Colors and patterns are never strangers in fashion, especially scarves. The techniques and designs of such fine crafts have always been my interest. I have a chance to study the history, design inspirations, and the making-of scenes of Hermès scarves, which are made in their factory in Lyon, France.

Do do you know who gets to determine the design and color combos of each piece?


: Designers of the ingenious squares :

Who designs the scarves? The first ever scarf was designed by Mr. Robert Dumas (as seen above) in 1937. Directing the house of Hermès, he loved designing but could not realistically do everything. So he called on talented specialists for collaborations, such as Hugo Grygkar, who was to sketch the famous Brides de gala in 1957.

And today, Mr. Pierre-Alexis Dumas carried on his grandfather’s tradition, as the artistic director of the Hermès group. He sets the aesthetic theme directions and co-create the carrés with in-house colorists. See below for the making-of processes of these intricate Hermès carrés, from weaving, color mixing, engraving, printing, to sewing. It truly inspires me as a designer myself that such crafts take patience, time, and concentration to achieve good results. This might be a long post, but it is definitely something worth sharing!


: Silk Weaving :

All raw silk materials and weavings are completed in a family owned Brazilian mill, who supplies “flottes” (skeins of raw silk) to the Perrin establishments, who have been weaving silk for Hermès for half a century. The processes are:

  • reeling of the skeins of raw silk
  • weaving
  • degumming

 

: Color Creation :

After receiving a general design direction from Paris, the coloring team in Lyon explores the color combinations on the neutral-colored squares. The team consists of 6 women, representing 6 schools of styles and imaginations.

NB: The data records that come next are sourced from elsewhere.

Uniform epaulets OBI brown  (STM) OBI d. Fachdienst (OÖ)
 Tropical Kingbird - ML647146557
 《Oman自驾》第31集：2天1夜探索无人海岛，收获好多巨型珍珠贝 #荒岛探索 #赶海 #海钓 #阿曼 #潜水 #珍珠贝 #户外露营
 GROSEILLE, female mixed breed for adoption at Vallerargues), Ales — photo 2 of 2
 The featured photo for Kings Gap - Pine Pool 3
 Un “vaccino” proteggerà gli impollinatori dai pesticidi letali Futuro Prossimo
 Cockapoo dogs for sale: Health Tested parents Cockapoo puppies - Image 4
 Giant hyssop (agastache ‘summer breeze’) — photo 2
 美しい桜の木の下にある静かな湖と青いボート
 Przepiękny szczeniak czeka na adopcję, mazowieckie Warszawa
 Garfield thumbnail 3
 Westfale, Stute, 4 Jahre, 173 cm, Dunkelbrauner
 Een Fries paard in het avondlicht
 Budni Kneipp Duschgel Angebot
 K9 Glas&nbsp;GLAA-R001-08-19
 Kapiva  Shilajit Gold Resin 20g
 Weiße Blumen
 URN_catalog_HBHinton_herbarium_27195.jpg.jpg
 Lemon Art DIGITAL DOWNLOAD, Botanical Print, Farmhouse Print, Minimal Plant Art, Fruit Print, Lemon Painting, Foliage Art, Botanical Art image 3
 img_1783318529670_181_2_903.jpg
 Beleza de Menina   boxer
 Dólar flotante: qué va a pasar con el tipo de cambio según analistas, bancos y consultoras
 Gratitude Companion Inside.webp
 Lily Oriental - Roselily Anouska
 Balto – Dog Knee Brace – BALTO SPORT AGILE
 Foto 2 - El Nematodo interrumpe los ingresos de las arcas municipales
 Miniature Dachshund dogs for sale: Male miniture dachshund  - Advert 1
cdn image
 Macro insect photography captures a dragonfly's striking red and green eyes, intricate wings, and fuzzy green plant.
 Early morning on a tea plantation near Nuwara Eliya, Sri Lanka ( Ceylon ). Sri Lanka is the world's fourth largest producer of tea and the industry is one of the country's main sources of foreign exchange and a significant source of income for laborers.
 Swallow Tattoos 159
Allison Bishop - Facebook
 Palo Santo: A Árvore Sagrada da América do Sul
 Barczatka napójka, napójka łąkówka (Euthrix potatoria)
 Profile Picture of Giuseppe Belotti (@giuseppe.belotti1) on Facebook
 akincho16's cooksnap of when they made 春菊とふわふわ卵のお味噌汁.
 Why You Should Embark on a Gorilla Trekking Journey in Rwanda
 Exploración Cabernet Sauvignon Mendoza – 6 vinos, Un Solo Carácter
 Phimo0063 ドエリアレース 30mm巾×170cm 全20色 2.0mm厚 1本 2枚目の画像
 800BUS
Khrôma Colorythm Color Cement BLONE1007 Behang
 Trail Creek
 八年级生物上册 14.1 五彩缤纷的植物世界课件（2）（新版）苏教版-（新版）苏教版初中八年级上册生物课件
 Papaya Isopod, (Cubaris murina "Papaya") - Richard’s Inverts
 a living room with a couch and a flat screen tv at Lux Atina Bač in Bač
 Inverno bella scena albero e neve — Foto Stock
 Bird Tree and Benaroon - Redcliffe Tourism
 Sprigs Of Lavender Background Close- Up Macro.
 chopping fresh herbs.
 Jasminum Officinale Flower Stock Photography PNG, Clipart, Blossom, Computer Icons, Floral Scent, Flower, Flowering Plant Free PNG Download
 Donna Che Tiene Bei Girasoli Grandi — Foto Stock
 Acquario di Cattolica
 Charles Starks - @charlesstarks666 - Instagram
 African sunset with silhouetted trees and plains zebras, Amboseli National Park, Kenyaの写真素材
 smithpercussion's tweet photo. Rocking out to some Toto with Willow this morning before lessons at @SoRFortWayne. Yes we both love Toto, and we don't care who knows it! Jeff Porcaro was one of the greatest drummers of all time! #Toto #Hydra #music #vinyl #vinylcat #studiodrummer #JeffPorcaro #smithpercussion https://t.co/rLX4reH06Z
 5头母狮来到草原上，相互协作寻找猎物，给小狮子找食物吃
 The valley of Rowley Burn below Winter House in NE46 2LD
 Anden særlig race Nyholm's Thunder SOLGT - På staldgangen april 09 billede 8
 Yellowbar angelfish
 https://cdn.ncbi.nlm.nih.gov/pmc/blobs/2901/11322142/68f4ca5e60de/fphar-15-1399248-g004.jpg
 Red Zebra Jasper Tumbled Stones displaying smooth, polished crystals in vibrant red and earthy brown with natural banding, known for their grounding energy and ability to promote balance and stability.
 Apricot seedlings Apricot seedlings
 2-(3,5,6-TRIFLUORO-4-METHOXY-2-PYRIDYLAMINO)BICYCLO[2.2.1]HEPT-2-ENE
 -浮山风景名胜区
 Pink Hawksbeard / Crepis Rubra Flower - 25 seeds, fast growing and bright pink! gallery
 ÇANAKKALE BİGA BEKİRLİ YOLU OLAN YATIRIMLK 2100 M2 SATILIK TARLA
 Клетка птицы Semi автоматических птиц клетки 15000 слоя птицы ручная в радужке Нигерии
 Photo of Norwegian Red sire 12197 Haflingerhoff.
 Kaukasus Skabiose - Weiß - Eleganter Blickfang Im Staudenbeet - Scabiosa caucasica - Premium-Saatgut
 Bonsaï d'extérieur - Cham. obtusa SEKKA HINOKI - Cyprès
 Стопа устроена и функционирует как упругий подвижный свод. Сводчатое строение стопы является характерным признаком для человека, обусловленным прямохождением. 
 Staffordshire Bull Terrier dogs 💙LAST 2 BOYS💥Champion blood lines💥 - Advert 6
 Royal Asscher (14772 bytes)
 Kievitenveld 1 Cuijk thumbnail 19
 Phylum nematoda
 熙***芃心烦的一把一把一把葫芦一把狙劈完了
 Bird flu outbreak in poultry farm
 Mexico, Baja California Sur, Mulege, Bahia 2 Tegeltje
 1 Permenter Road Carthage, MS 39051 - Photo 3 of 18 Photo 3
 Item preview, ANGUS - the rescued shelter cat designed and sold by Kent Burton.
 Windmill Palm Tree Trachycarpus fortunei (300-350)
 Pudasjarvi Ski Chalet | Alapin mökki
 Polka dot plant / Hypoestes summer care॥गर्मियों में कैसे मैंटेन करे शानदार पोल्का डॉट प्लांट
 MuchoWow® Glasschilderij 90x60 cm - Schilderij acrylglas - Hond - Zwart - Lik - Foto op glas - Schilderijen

  • receive sets of vocabularies of each design from Paris, which are guidelines of the “stories” the colorists work on for each scarf
  • with the 40 basic colors and a chart of 75,000 hues, they imagine and create color combinations
  • color mixing and cooking in their “kitchens” to produce exact hue
  • record formulas for each color tested, including proportions of pigments and binder
  • submit proposed color schemes to Paris
  • about 10 harmonies are selected for production

 

: Engraving :

Once the harmonies are confirmed for each design, engravers receive life-sized (90X90cm) hand-painted mock-up on card. Their job is to separate this mock-up into films for each color appearing in it. The steps below explain why a simple 30-color design consists up to 600 hours of engraving.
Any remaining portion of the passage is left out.